▸ What needs to be done
Your task is to restate word for word the line containing "Load image into" and each line that follows it in the listing, and only those.

▸ Available data

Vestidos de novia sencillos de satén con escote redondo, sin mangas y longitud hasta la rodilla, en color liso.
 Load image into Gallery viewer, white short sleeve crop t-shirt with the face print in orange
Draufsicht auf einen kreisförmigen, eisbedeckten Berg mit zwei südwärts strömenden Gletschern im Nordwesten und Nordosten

▸ Solution to the problem
 Load image into Gallery viewer, white short sleeve crop t-shirt with the face print in orange
Draufsicht auf einen kreisförmigen, eisbedeckten Berg mit zwei südwärts strömenden Gletschern im Nordwesten und Nordosten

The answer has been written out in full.